### WORK TO COMPLETE
The data below holds a line containing "Gas Tanks next" and a line containing "Ein Bett oder"; please quote exactly those two lines and every line between them, and nothing else.

[Scraped caption text data]

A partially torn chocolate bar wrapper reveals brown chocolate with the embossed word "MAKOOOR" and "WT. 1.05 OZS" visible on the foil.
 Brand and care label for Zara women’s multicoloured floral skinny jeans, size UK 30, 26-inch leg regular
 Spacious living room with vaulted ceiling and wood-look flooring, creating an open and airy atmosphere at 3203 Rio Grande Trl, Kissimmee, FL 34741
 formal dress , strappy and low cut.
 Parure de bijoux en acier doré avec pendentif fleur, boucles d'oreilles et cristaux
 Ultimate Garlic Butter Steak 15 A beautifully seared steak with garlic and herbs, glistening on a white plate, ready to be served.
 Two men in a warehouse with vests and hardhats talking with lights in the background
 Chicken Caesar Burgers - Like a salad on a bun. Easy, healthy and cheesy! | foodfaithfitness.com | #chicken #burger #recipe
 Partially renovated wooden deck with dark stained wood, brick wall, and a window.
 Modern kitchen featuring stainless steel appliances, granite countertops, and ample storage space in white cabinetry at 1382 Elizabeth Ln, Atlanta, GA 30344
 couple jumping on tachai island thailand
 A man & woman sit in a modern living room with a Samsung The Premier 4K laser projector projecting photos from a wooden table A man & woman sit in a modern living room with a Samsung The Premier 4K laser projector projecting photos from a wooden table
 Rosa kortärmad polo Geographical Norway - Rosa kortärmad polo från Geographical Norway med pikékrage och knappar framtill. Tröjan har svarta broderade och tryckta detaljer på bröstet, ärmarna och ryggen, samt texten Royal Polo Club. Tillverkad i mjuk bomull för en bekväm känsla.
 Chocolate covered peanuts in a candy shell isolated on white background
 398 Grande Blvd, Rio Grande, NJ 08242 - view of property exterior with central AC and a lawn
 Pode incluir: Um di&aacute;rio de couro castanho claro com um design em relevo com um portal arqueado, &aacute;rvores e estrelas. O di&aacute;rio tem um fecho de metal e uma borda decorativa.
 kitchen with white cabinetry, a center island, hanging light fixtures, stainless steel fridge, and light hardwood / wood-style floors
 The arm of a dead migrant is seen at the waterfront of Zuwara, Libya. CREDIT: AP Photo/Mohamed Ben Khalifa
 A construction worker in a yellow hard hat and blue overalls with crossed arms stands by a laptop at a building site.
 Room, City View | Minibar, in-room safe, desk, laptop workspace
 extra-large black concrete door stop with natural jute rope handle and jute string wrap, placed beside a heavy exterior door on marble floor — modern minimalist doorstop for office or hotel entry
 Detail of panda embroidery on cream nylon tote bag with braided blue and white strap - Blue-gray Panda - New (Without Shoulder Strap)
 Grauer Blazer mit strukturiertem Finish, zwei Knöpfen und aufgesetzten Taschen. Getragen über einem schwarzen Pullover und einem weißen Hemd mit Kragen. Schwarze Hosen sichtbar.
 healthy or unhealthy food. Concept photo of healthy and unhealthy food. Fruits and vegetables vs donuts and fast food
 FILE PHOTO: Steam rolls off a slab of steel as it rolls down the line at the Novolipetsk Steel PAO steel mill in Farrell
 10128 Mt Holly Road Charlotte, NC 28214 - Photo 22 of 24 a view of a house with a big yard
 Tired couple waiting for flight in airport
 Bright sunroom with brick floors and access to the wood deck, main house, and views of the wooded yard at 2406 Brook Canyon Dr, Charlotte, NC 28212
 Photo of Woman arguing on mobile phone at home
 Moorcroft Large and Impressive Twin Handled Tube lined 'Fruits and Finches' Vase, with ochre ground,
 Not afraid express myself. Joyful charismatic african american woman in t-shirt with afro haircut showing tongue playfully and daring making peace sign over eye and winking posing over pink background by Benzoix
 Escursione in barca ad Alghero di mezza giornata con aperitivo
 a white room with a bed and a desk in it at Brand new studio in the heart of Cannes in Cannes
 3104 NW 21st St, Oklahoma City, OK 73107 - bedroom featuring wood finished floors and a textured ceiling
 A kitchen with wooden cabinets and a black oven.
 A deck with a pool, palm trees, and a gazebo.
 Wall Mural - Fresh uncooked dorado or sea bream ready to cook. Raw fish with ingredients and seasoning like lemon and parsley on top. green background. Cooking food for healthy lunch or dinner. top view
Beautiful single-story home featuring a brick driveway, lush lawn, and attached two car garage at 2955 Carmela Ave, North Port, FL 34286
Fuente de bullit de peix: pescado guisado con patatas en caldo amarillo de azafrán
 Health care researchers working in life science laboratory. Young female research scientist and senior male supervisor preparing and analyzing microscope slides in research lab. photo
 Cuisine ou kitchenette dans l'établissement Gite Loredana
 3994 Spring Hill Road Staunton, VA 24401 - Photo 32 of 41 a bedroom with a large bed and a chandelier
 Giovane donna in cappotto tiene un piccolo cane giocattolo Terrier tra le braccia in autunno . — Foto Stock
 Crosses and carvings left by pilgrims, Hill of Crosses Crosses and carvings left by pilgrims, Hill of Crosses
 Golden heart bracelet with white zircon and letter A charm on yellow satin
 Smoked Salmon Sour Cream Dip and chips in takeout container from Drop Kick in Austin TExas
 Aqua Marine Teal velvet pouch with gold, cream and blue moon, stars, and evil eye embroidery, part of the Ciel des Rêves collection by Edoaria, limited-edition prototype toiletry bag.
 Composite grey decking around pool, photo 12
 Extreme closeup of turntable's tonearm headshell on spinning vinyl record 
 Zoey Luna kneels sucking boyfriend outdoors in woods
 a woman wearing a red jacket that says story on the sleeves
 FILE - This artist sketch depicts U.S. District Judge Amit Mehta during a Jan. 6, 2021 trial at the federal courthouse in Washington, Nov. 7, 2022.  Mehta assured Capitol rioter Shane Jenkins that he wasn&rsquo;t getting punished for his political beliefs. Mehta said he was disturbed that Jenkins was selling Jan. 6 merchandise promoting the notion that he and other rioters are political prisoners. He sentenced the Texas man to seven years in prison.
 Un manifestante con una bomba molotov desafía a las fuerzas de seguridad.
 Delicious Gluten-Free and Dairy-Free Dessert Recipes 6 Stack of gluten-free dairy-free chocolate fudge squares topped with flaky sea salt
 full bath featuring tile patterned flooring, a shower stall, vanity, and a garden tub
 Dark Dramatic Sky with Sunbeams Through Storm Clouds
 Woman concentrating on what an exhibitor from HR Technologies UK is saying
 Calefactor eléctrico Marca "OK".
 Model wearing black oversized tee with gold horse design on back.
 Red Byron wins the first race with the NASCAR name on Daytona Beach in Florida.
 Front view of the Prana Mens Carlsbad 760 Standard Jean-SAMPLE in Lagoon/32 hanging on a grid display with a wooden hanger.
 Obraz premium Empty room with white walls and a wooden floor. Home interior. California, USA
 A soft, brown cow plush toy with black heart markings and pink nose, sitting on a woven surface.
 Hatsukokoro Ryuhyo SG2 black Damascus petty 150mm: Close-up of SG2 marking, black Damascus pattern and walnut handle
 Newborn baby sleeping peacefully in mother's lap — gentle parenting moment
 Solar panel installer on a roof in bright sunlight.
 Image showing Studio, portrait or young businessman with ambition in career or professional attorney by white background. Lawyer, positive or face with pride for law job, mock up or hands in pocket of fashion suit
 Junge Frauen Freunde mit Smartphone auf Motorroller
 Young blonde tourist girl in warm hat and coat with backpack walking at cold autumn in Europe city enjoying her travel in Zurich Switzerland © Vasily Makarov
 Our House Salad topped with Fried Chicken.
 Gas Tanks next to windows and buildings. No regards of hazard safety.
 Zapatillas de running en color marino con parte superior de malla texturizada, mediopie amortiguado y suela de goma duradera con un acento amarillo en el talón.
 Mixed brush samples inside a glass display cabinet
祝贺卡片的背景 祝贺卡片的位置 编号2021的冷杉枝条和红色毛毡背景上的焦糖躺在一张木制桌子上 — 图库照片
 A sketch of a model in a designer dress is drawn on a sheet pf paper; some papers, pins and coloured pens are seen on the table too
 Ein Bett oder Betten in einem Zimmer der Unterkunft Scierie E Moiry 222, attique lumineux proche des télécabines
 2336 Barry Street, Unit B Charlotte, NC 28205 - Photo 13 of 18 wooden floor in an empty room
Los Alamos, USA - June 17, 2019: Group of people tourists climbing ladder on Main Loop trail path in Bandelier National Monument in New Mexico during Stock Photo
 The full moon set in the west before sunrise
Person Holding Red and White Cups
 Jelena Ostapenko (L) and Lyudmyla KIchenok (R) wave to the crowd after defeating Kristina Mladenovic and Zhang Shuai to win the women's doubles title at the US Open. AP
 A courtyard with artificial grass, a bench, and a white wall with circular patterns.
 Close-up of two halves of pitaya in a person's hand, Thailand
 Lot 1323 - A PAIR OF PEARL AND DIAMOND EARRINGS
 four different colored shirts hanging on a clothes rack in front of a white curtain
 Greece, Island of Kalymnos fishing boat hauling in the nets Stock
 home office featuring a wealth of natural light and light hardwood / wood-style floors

### RESULT OF THIS EXERCISE
 Gas Tanks next to windows and buildings. No regards of hazard safety.
 Zapatillas de running en color marino con parte superior de malla texturizada, mediopie amortiguado y suela de goma duradera con un acento amarillo en el talón.
 Mixed brush samples inside a glass display cabinet
祝贺卡片的背景 祝贺卡片的位置 编号2021的冷杉枝条和红色毛毡背景上的焦糖躺在一张木制桌子上 — 图库照片
 A sketch of a model in a designer dress is drawn on a sheet pf paper; some papers, pins and coloured pens are seen on the table too
 Ein Bett oder Betten in einem Zimmer der Unterkunft Scierie E Moiry 222, attique lumineux proche des télécabines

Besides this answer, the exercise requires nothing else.